- [What is required]
The records below are to be transcribed exactly from their first line to the line that has "拼多多虚拟电商陪跑训练营,简单易上手", inclusive, with every picture omitted.
==== Provided entries ====
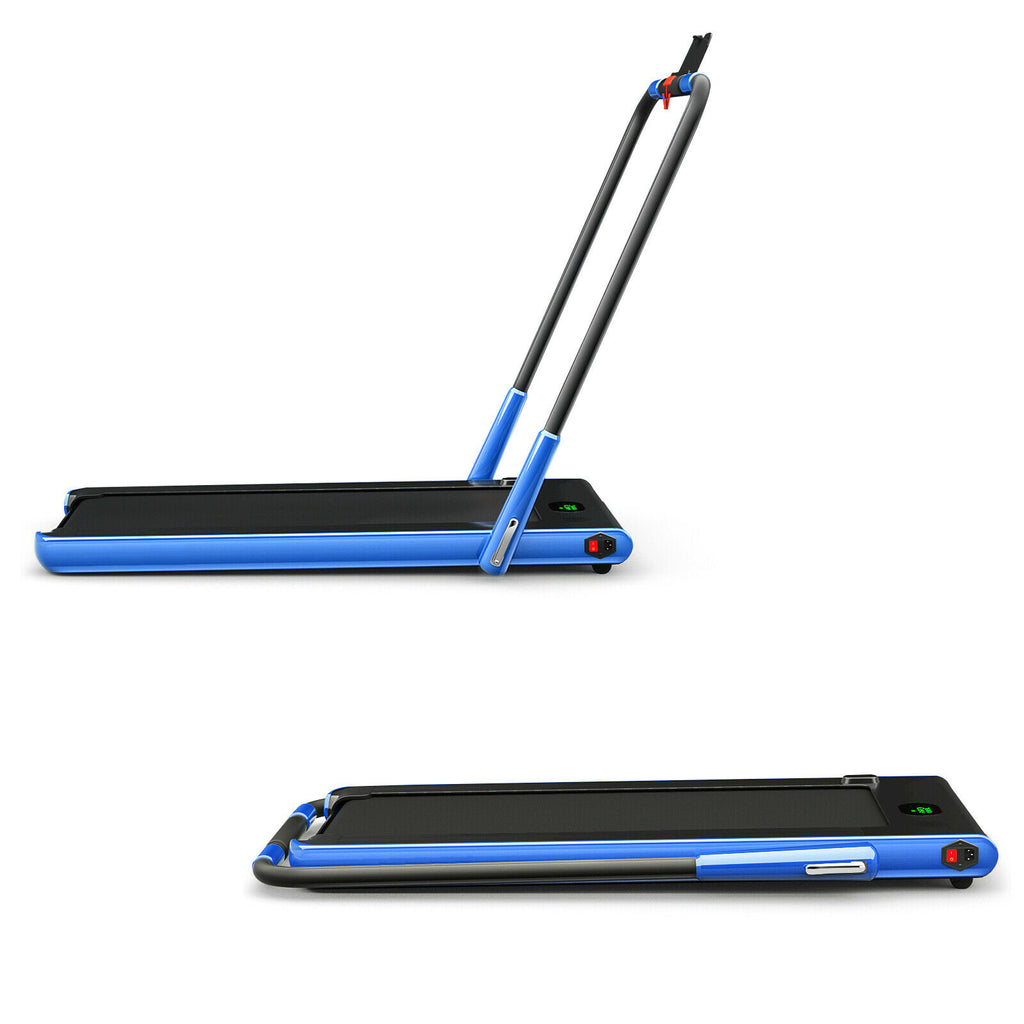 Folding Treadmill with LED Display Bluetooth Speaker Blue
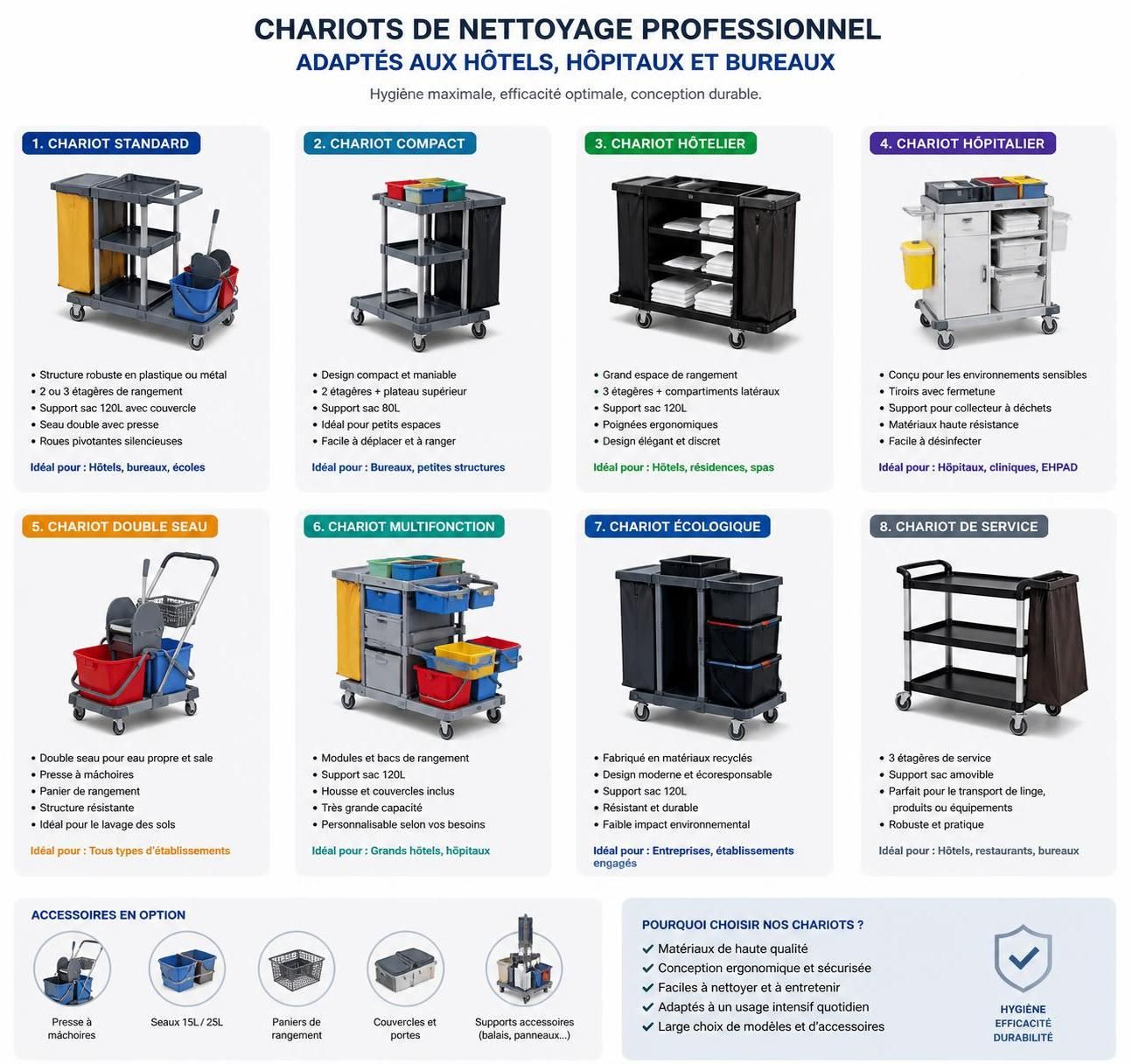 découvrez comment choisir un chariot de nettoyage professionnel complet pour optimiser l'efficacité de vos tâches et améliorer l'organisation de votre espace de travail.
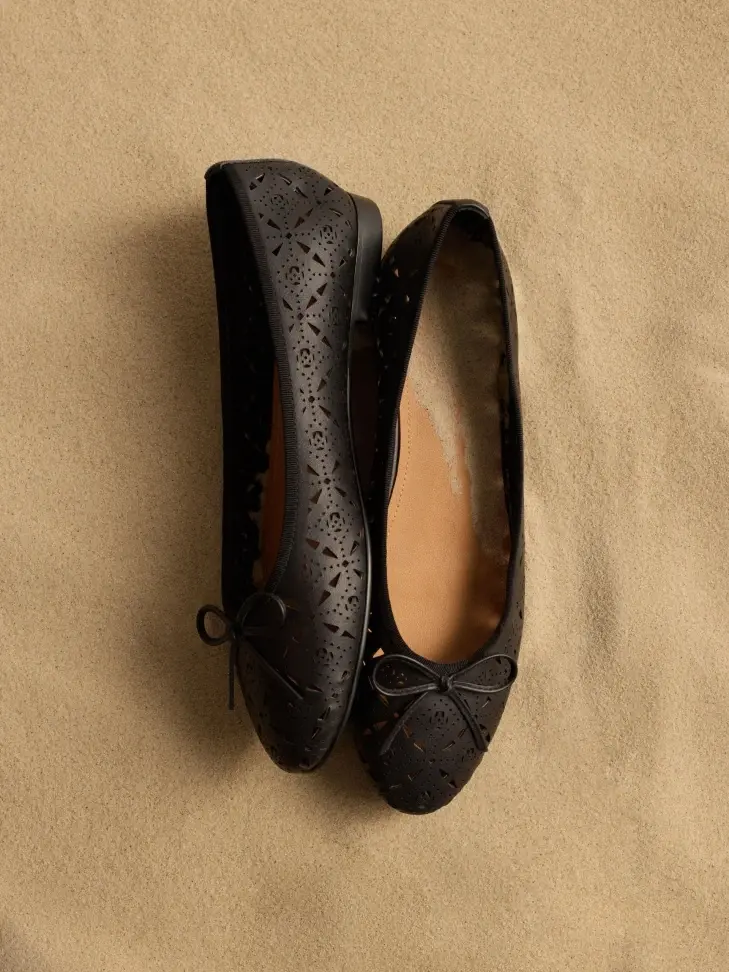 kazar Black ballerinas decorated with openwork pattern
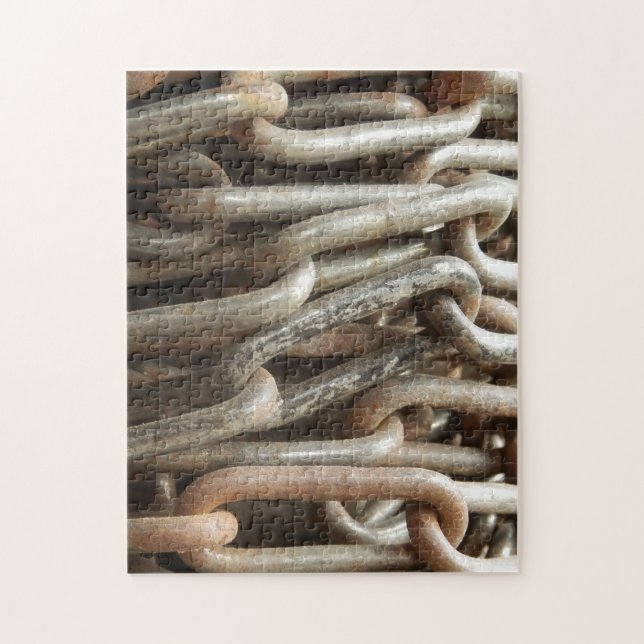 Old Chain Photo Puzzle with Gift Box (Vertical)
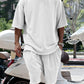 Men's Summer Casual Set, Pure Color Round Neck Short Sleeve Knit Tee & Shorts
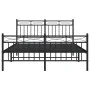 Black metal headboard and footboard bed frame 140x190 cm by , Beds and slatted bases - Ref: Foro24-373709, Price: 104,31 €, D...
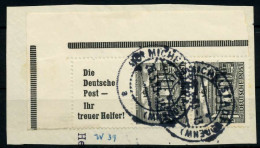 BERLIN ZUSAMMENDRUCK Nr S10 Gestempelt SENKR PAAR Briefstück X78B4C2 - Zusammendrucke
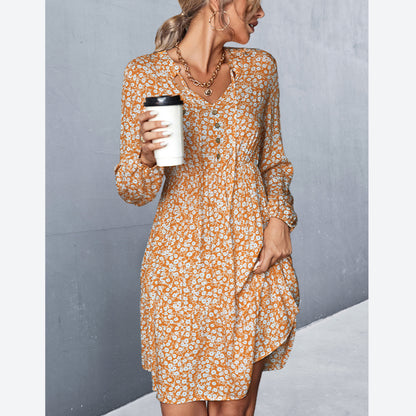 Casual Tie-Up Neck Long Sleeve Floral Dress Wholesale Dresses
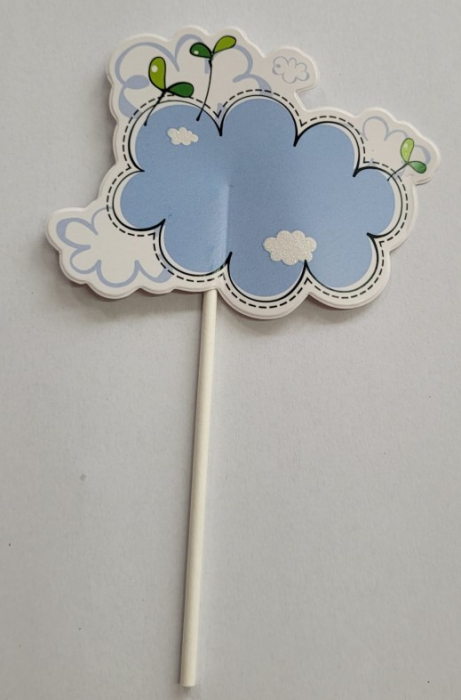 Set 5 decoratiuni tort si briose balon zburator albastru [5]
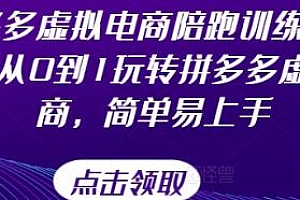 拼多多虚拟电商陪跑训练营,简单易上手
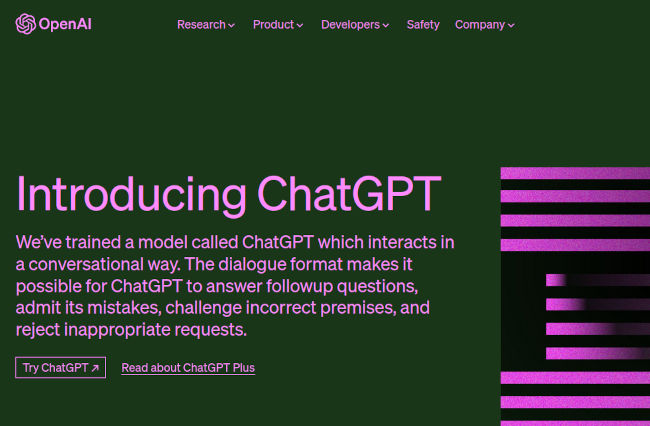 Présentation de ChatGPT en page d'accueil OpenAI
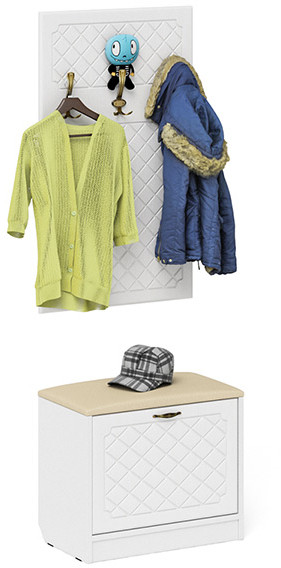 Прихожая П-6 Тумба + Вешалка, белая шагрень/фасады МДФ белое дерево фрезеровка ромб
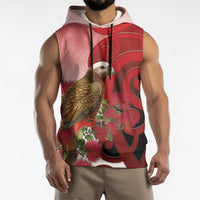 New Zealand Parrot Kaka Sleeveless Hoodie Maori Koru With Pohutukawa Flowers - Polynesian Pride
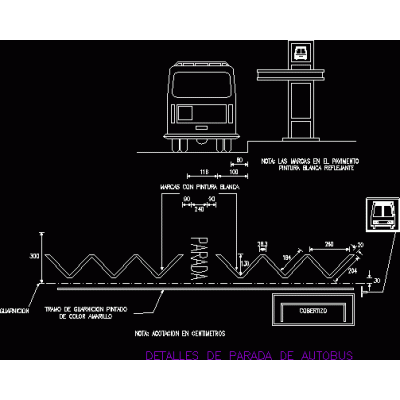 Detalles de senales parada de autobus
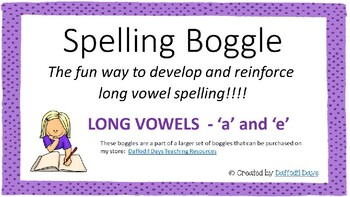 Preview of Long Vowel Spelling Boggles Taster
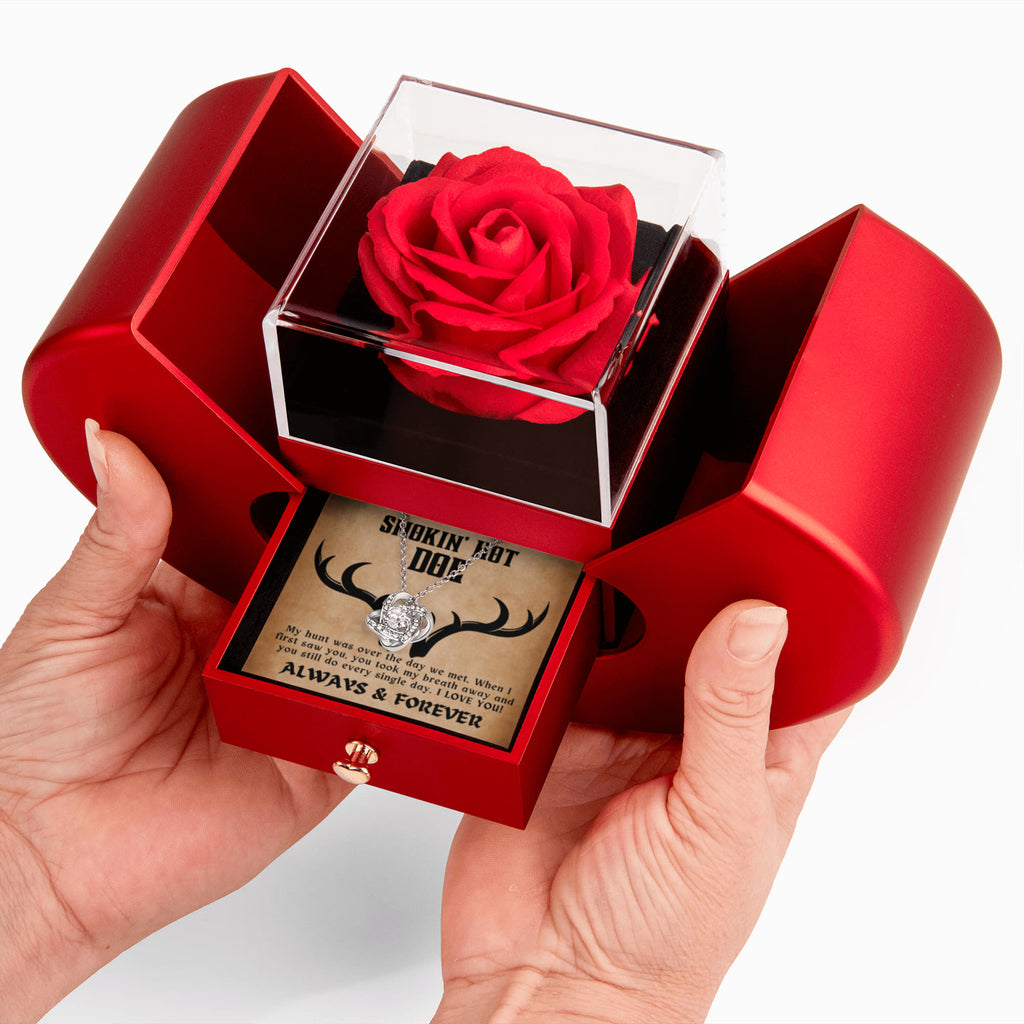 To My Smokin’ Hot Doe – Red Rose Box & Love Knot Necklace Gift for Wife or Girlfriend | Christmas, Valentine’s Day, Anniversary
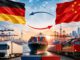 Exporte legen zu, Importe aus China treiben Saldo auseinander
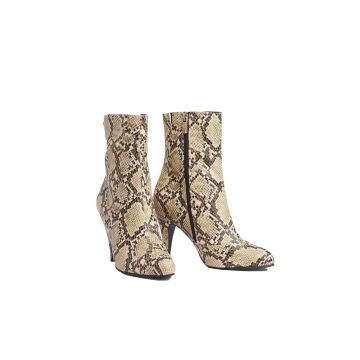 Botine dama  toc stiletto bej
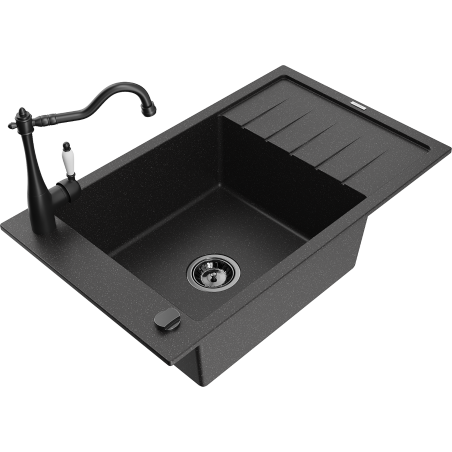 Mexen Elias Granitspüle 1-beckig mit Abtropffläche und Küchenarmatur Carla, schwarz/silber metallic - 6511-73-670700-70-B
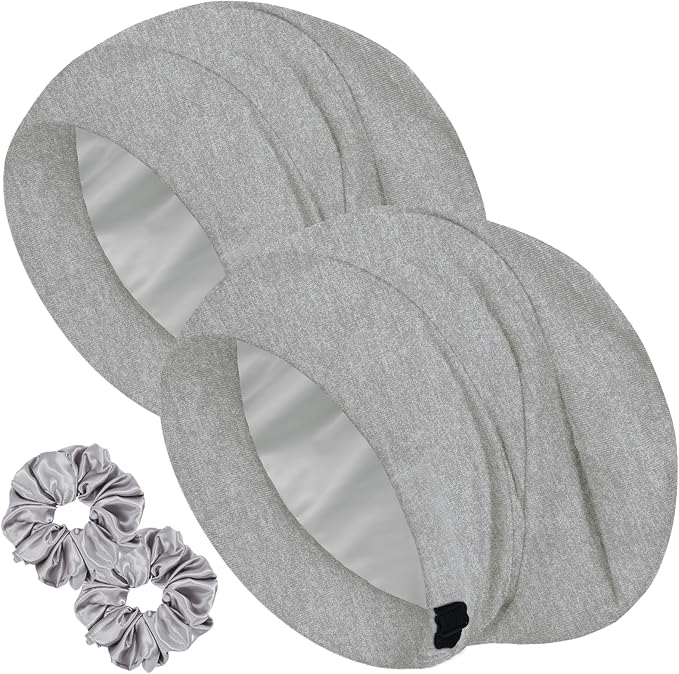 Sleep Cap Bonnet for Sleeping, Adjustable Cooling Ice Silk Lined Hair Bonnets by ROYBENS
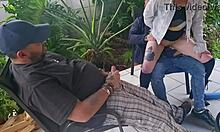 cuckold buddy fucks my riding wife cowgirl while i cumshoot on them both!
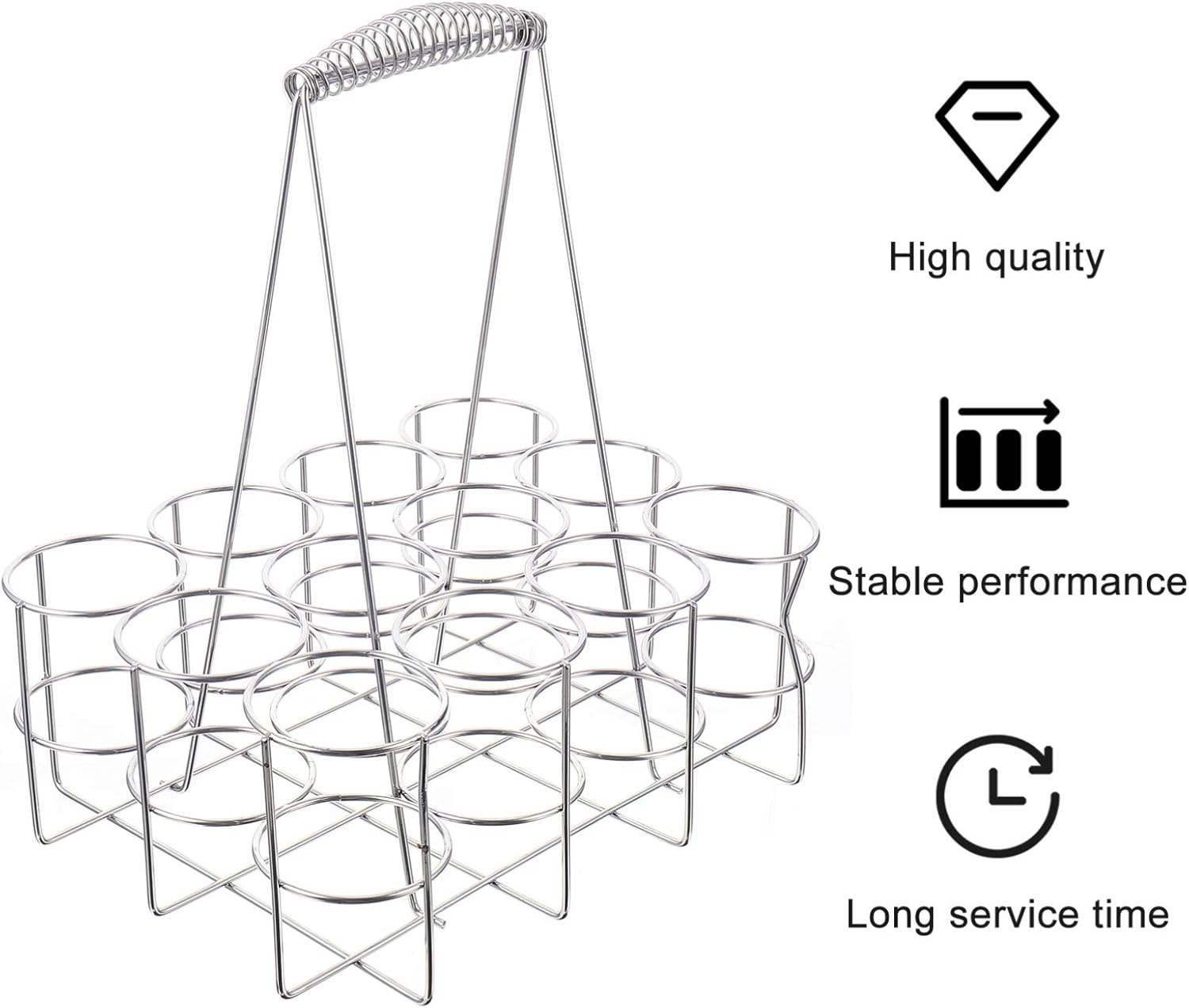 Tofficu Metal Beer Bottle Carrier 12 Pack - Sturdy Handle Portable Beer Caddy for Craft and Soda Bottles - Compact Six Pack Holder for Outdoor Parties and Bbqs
====
- [Result of this exercise]
 Folding Treadmill with LED Display Bluetooth Speaker Blue
 découvrez comment choisir un chariot de nettoyage professionnel complet pour optimiser l'efficacité de vos tâches et améliorer l'organisation de votre espace de travail.
 kazar Black ballerinas decorated with openwork pattern
 Old Chain Photo Puzzle with Gift Box (Vertical)
 Men's Summer Casual Set, Pure Color Round Neck Short Sleeve Knit Tee & Shorts
 Black metal headboard and footboard bed frame 140x190 cm by , Beds and slatted bases - Ref: Foro24-373709, Price: 104,31 €, D...
 BERLIN ZUSAMMENDRUCK Nr S10 Gestempelt SENKR PAAR Briefstück X78B4C2 - Zusammendrucke
 Casual Tie-Up Neck Long Sleeve Floral Dress Wholesale Dresses
 Set 5 decoratiuni tort si briose balon zburator albastru [5]
 拼多多虚拟电商陪跑训练营,简单易上手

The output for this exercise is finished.